“Cursed be anyone who perverts the justice due to the sojourner, the fatherless, and the widow.” Deuteronomy 27:19a
Today is International Widows’ Day (IWD), a day to recognize the situation that widows (of all ages) face internationally and at home. From the United Nations:
Absent in statistics, unnoticed by researchers, neglected by national and local authorities and mostly overlooked by civil society organizations – the situation of widows is, in effect, invisible.
Yet abuse of widows and their children constitutes one of the most serious violations of human rights and obstacles to development today. Millions of the world’s widows endure extreme poverty, ostracism, violence, homelessness, ill health and discrimination in law and custom.
Despite some gains in gender equality worldwide, many women are still among the most vulnerable and marginalized.
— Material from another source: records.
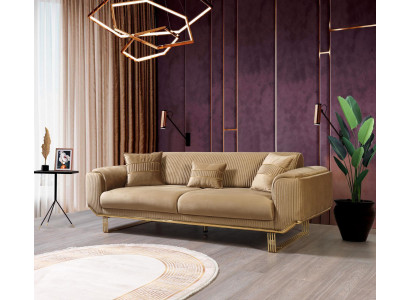 Luxe bankstel 3-zits woonkamer Beige Moderne design 234cm Bankstellen Meubels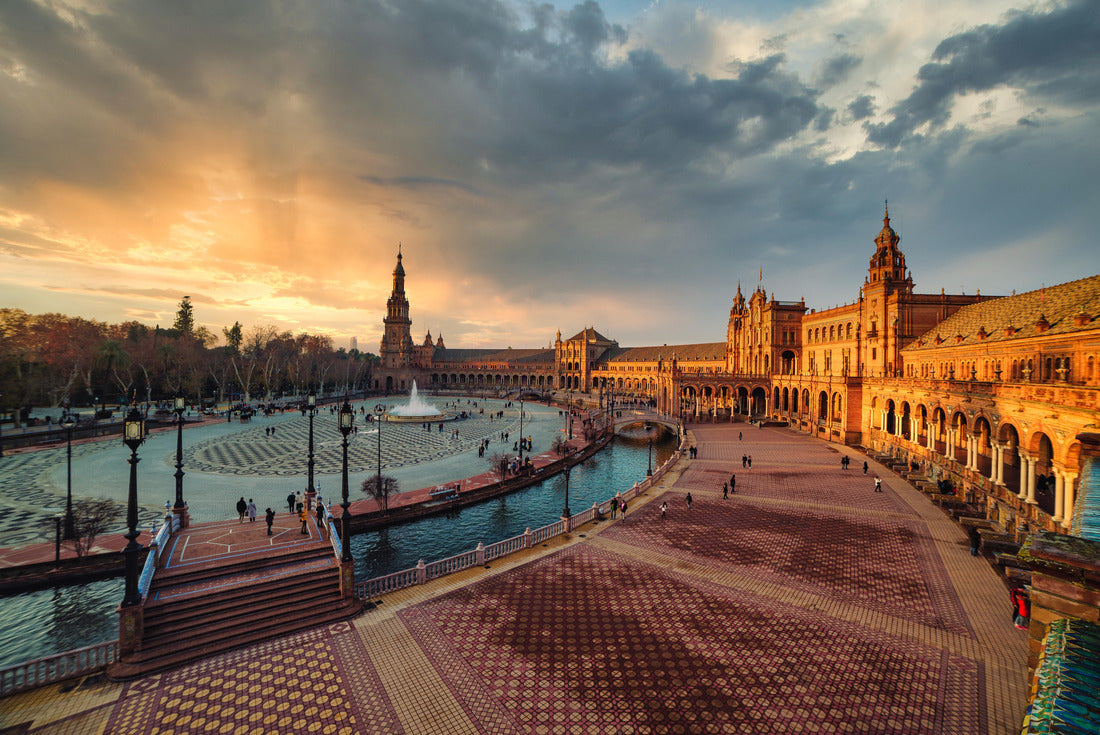 Dramatic scene of Plaza España in Seville at sunset 2000pc Puzzle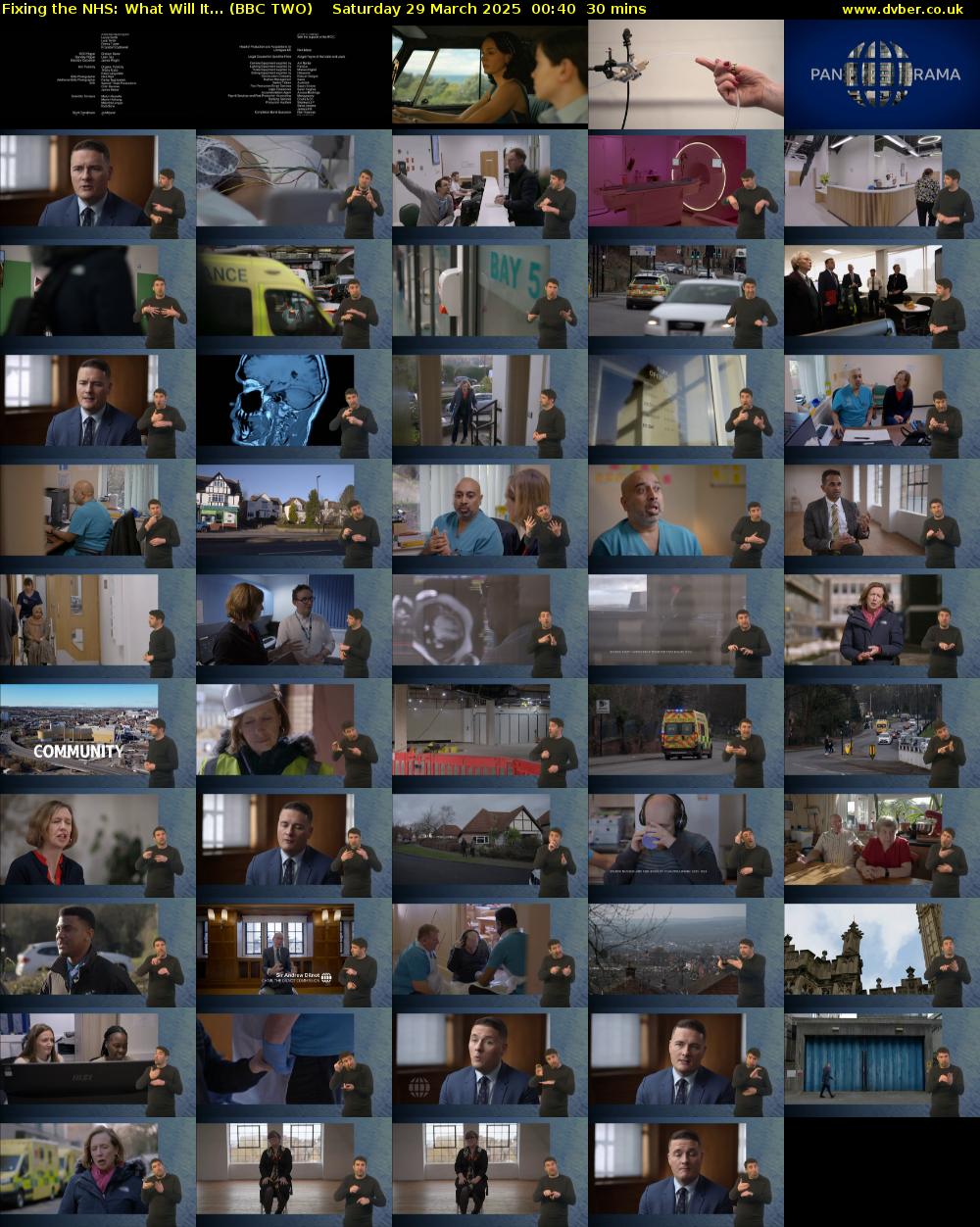 Fixing the NHS: What Will It... (BBC TWO) Saturday 29 March 2025 00:40 - 01:10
One woman tells of horrific abuse she suffered because she is a widow:
When Clarisse’s husband died of malaria last year in the Cameroonian city of Douala, she was kicked out of their home by his family and forced to marry his brother.
After having sex with her new husband, the 34-year-old discovered she had syphilis, a sexually transmitted disease that can lead to blindness and stroke if untreated.
“He accused me of infidelity. He called a meeting of our families and told them I was a prostitute,” she said tearfully, fiddling with the gold wedding ring from her first marriage.
“Everyone accused me of being a witch and said it was me who had killed my husband … my stepmother threatened to kill me,” added Clarisse, who fled with her daughter to the outskirts of Douala, where she lives in an old wooden shack on a riverbank.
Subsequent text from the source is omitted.